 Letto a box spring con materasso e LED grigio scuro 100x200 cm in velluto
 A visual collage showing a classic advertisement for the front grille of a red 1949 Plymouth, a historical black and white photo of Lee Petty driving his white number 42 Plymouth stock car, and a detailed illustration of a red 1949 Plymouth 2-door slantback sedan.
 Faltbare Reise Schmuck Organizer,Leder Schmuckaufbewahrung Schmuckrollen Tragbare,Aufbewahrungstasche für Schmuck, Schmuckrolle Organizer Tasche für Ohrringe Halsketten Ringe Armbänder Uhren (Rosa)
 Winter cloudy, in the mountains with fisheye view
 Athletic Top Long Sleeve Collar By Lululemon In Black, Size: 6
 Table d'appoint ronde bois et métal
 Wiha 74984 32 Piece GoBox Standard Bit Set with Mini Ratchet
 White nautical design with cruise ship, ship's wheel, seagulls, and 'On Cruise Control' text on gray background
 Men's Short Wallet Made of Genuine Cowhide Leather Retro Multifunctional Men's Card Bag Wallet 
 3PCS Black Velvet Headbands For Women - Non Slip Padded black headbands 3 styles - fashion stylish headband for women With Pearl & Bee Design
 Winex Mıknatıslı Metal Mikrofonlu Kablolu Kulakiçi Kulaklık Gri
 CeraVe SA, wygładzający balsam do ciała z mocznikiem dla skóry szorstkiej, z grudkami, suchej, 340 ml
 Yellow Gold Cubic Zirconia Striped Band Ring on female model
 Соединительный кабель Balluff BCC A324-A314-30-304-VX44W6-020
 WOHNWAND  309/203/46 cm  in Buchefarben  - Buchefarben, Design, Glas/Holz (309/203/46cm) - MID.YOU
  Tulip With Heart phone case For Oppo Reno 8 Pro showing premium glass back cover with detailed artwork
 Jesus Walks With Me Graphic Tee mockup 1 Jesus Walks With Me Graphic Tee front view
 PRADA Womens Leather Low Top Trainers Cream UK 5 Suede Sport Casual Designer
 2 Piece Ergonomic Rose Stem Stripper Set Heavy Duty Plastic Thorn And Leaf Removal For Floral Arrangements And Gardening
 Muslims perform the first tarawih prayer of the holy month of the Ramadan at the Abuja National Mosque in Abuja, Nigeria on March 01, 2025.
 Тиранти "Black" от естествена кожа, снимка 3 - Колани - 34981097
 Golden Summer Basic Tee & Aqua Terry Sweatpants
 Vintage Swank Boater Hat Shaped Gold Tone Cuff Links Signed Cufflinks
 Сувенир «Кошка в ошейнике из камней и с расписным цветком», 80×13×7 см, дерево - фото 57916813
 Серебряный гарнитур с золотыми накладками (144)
....
WORK ITEM — Above are the records; from them, give again exactly the lines from the one containing "PRADA Womens Leather" through the one containing "2 Piece Ergonomic", both included.

RESPONSE TO THIS TASK —
 PRADA Womens Leather Low Top Trainers Cream UK 5 Suede Sport Casual Designer
 2 Piece Ergonomic Rose Stem Stripper Set Heavy Duty Plastic Thorn And Leaf Removal For Floral Arrangements And Gardening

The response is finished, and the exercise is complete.